The day you dreamed about, dreaded a little, and dutifully did everything you could for the last 18 years to guarantee would happen, is now actually happening. You bought the twin XL sheets, the shower caddies, the throw rugs (and about a hundred other accessories that you’re certain will probably go unused) but guilt, joy, and excitement added them to your cart anyway.
Now there’s just one thing left to say.
Well, there are A LOT of things left to say, but between loading and unloading bins and bins of stuff, setting up their room (and hyperventilating and crying hot, wet tears in the bathroom while nobody is looking) you’re gonna totally forget all the things you wanted to say. Here, let me help….
What to say at college move-In day
1. I’m proud!
It’s probably the most obvious thing you’ll say all day, but say it anyway. And say it more than once. And say it a week later when they’re still excited. And a week after that when they call to share all the cool things they’re doing. And then a few months later when they’re having a miserable week and think they can’t do this? Tell them how proud you are again. And again. And again.
2. Bad days are not a bad life.
Between keg parties and football games there are going to be plenty of really, really bad days. There will be bombed tests, roommate blow outs, and hundreds of other crisis filled moments, but they are all part of life and growing up. Learn resilience from them, not defeat. It’s just a bad day, not a bad life.
3. Your instincts are very powerful.
If it feels wrong, it probably is wrong, so don’t do it. Your initial gut reaction to what is happening around you and to you is usually the one you want to trust and listen to. You have instincts for a reason, use them.
4. Go to your professor’s office hours.
Yes there may be 500 students in your class, but that doesn’t mean your professor doesn’t have the time or desire to meet you. Go introduce yourself and sit a chat for a few minutes at the beginning of the semester, then go again a few weeks later. And later when you really need help, that professor will recognize you and you’ll be greeted with fondness and appreciation, not annoyance.
5. Tired, poorly fueled bodies cannot learn well, or at all.
You will have no curfew (and nobody making sure you’re eating dinner and going to bed at normal hours), and while you’re going to be relishing these facts and enjoying their benefits, it’s also a recipe for a health and wellness disaster. Sleep. Eat well. Repeat.
6. Nothing good ever happens after 2 a.m.
My father told me this, and now it’s my duty to pass it on to you. No good, smart, sound decision was ever made in the wee hours of the morning. Ever. Treat those hours as potentially disastrous, and just get yourself and your friends home before chaos and regret ensue.

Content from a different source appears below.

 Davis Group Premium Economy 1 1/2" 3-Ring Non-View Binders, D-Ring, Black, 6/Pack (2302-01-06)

7. Drinking too much is a major turn off.
Proving that you can down 6 shots of tequila is not only one of the most ignorant and reckless things you can do, it also shows your peers that you value your sober self about as much as last night’s stale pizza. As a matter of fact, being stupid drunk only makes you two things, stupid and drunk.

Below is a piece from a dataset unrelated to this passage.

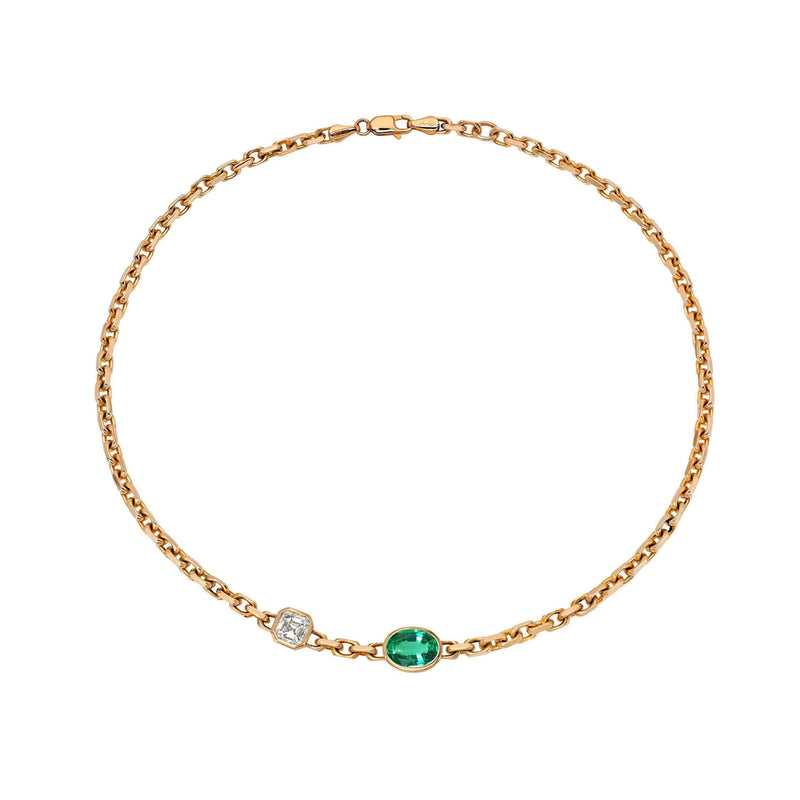 Lovers Duet Diamond and Emerald Chain Necklace by Logan Hollowell Jewelry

8. I’m not tracking you, so call or text me back in a reasonable amount of time. Two days later is not reasonable.
I’m more than happy to cut the apron strings and grant you the freedom you deserve. However, with that freedom comes the responsibility to actually stay in touch with me. Grown ups call and text back in a respectable and reasonable amount of time. It’s time to be a grown up.
9. Join a lot of clubs. Play intramural sports. Go to college sponsored lectures, movies, performances, and social functions. Keep trying to find your people.

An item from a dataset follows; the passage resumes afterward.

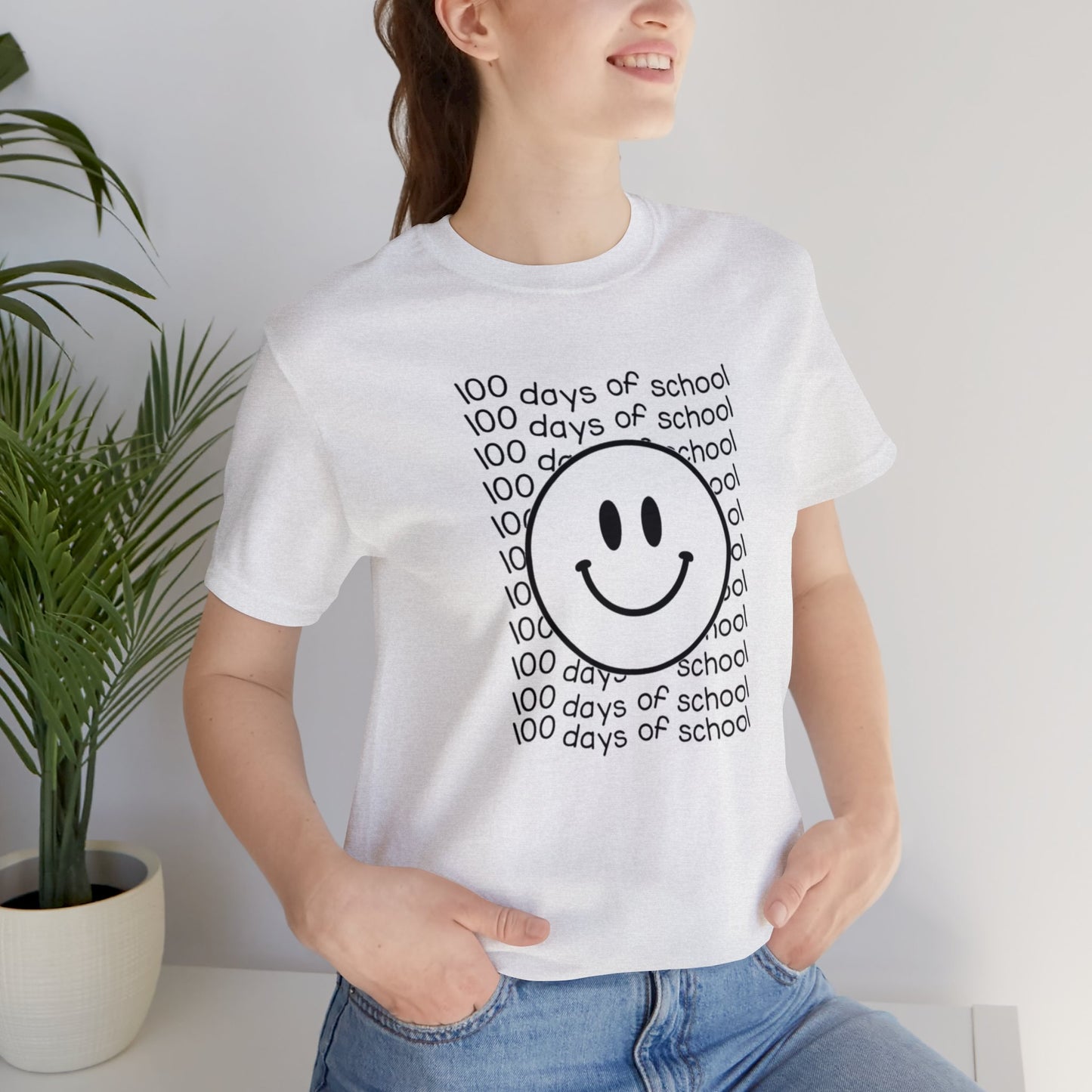 Smiley Face 100 Days of School Short Sleeve Tee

Your people are no longer just the ones you’re stuck with in geometry class. Your people are now to be found among the thousands of potential friends walking beside you on campus, eating across from you in the dining hall, or sitting next to you in a lecture hall. They are out there, but you have to make the first move, for lack of a better phrase!
10. Your people are going to change.
The best friend you’re probably going to make your freshman year, may not even be talking to you in three years, and that’s OK. You’re going to grow, change, and mature in ways you cannot comprehend now, and that’s the whole purpose of college. So if friends come in and out of your life in waves (and tsunamis), let it happen. Let them be there for you when you need them, but know that as you change, so will your friend circle.
And finally, just call your mom, OK?
Call to say hello, call to tell me you need new underwear, call to tell me you want to come home, and call to tell me you never want to come home, but just call. Because we moms? All we want is to hear your voice. So when you want to text us, please don’t.